↓↓↓
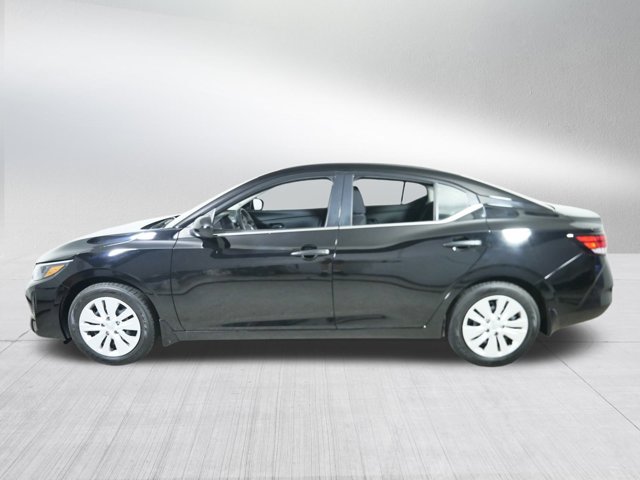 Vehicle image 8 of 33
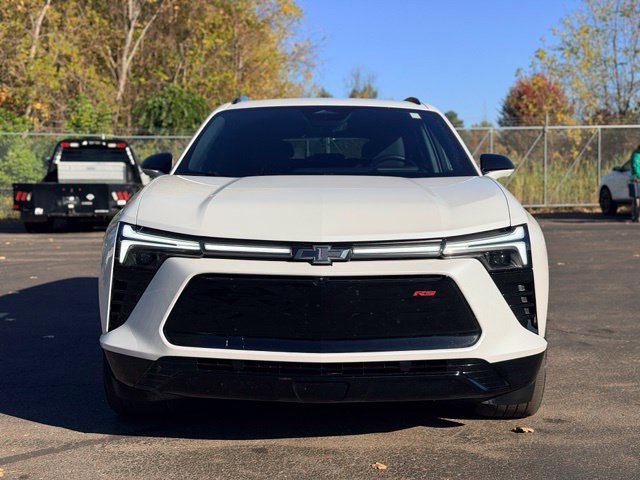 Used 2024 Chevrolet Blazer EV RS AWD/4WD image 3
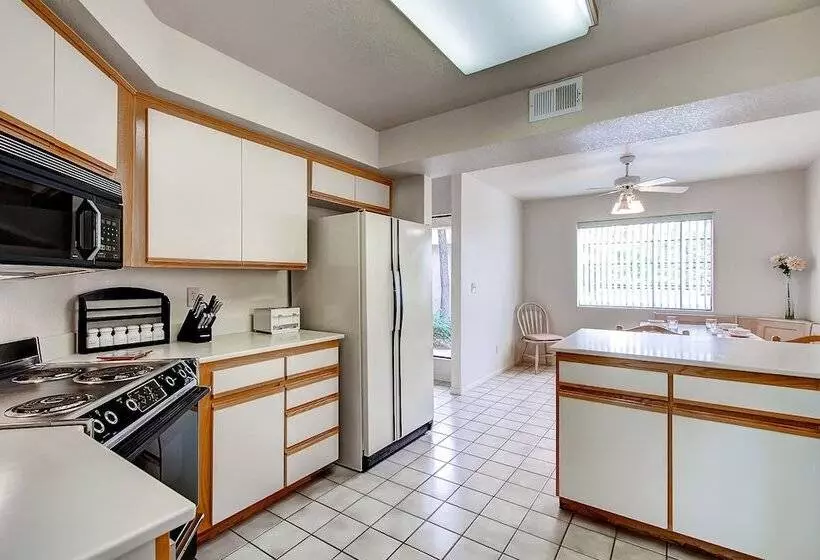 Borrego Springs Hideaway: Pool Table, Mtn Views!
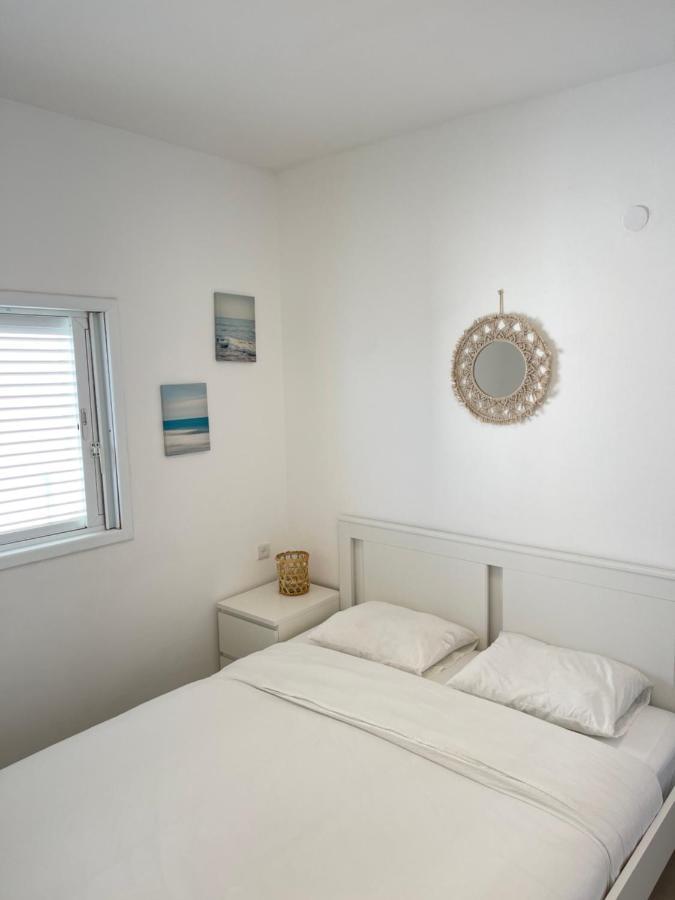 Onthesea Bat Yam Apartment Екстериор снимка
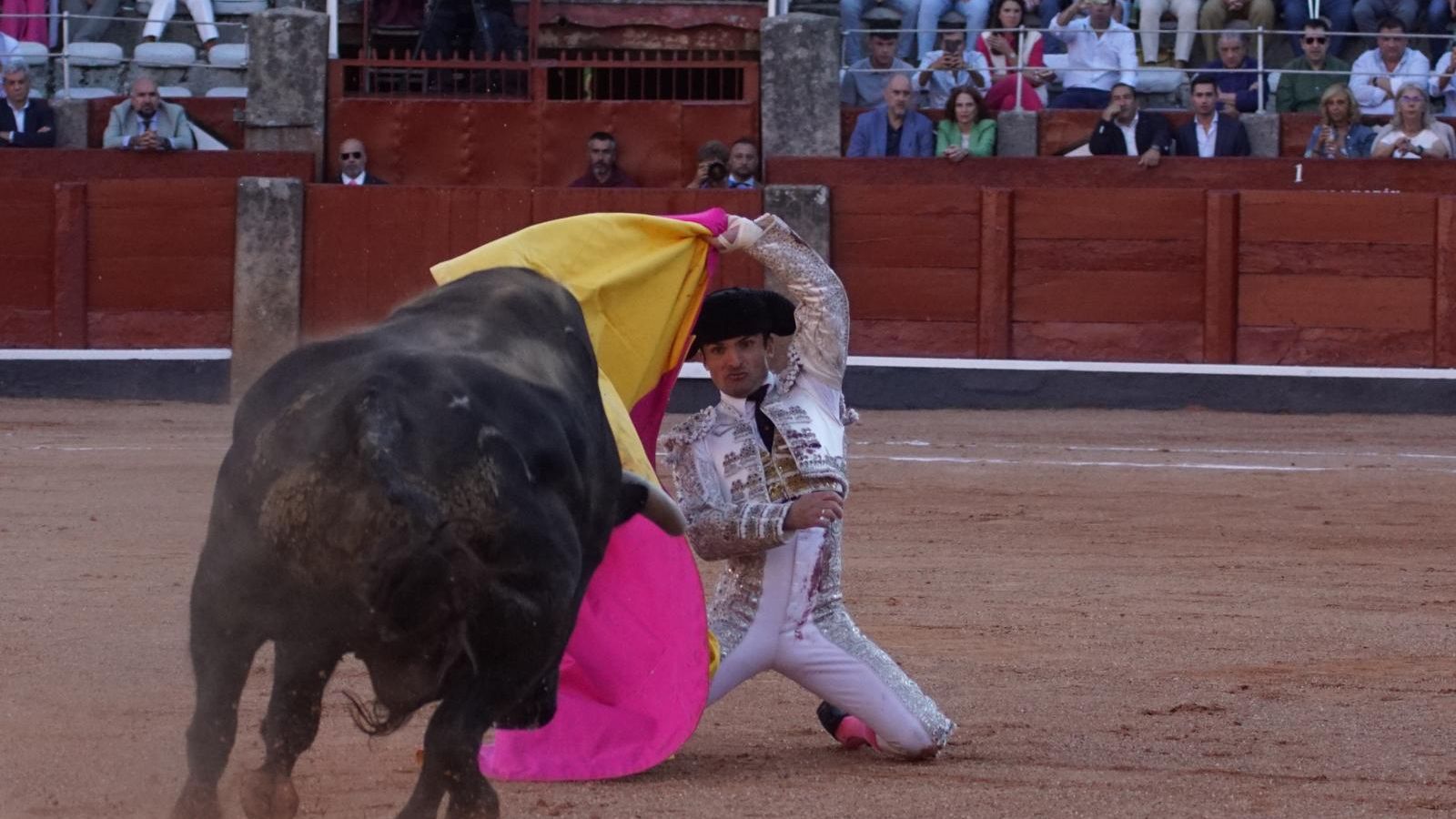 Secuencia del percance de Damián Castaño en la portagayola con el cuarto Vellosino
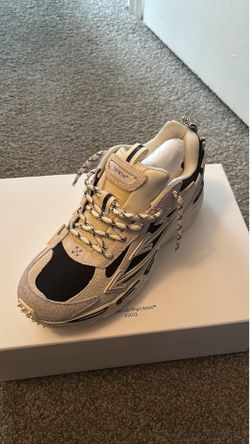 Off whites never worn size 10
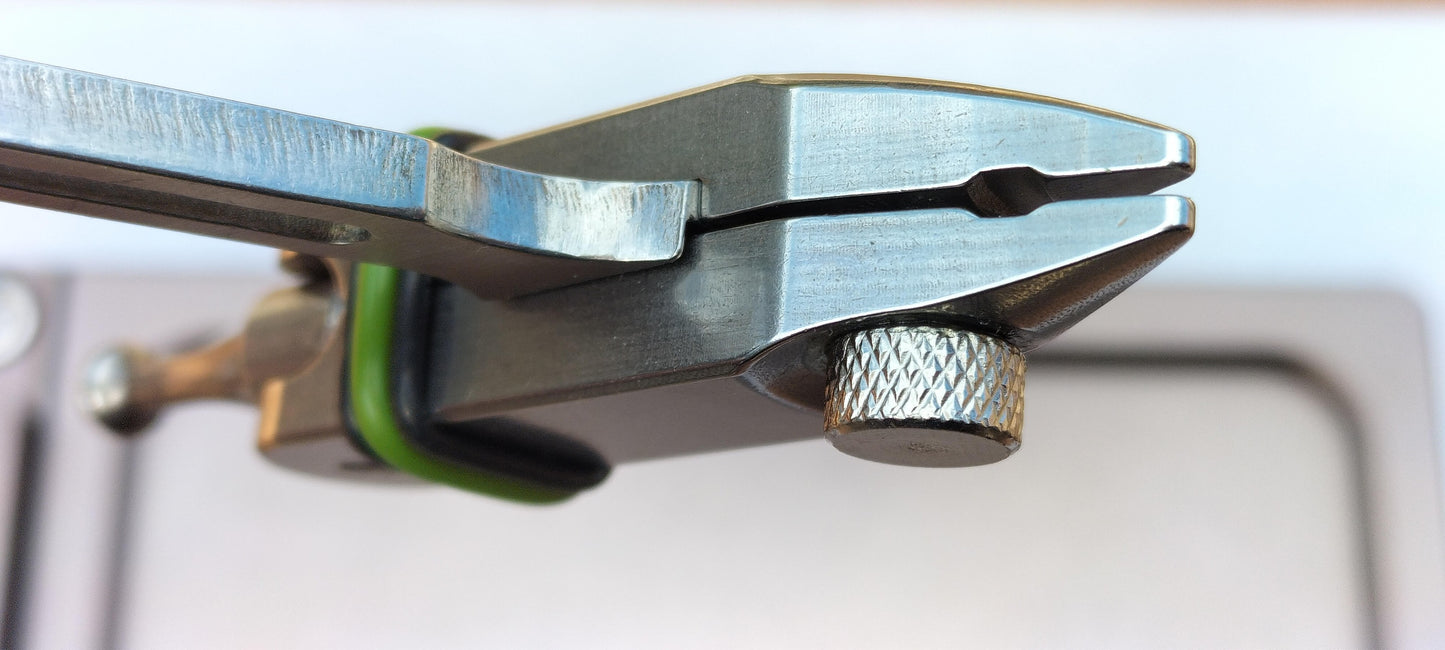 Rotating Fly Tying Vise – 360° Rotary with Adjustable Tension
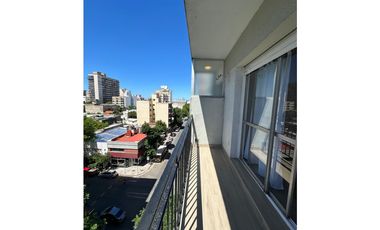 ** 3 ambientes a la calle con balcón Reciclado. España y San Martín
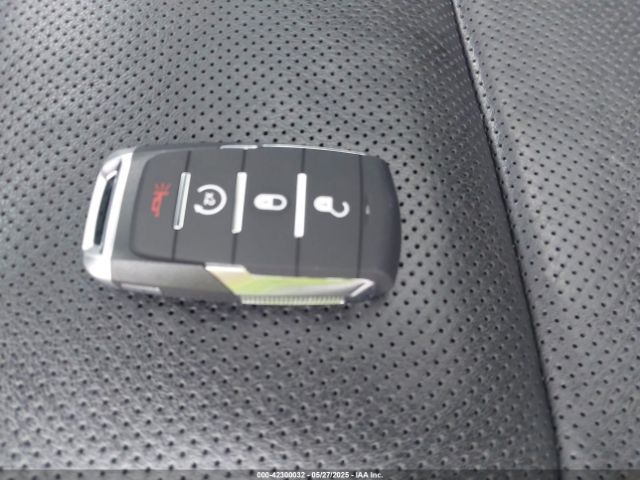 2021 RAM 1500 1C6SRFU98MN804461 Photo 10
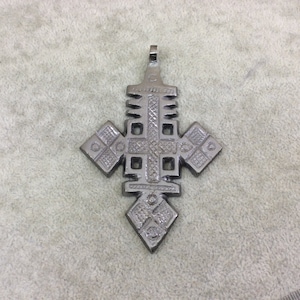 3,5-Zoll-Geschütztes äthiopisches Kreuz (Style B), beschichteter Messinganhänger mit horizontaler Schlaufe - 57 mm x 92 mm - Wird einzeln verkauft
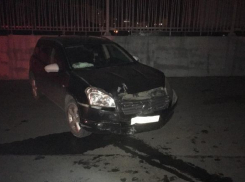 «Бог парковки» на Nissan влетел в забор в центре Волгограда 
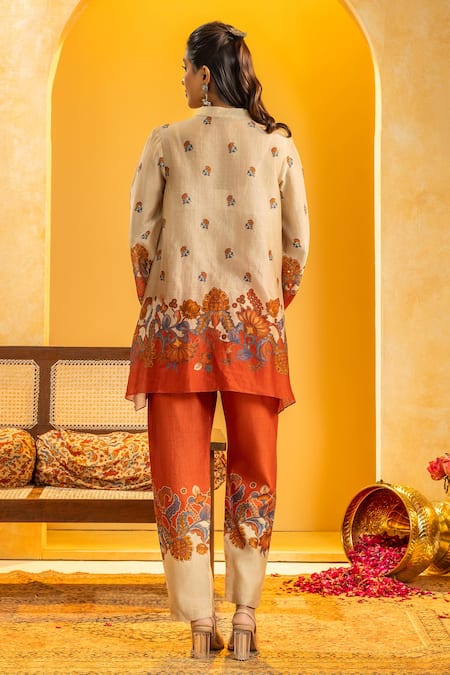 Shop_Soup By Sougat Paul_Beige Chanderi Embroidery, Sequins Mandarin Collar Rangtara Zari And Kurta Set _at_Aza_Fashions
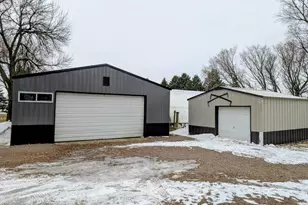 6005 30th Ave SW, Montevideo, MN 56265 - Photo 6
↑↑↑
# Required work:
Exactly reproduce the lines that run from the first line of the listing above to the line containing "3,5-Zoll-Geschütztes äthiopisches Kreuz", including both; omit the pictures.

# Written solution:
 Vehicle image 8 of 33
 Used 2024 Chevrolet Blazer EV RS AWD/4WD image 3
 Borrego Springs Hideaway: Pool Table, Mtn Views!
 Onthesea Bat Yam Apartment Екстериор снимка
 Secuencia del percance de Damián Castaño en la portagayola con el cuarto Vellosino
 Off whites never worn size 10
 Rotating Fly Tying Vise – 360° Rotary with Adjustable Tension
 ** 3 ambientes a la calle con balcón Reciclado. España y San Martín
 2021 RAM 1500 1C6SRFU98MN804461 Photo 10
 3,5-Zoll-Geschütztes äthiopisches Kreuz (Style B), beschichteter Messinganhänger mit horizontaler Schlaufe - 57 mm x 92 mm - Wird einzeln verkauft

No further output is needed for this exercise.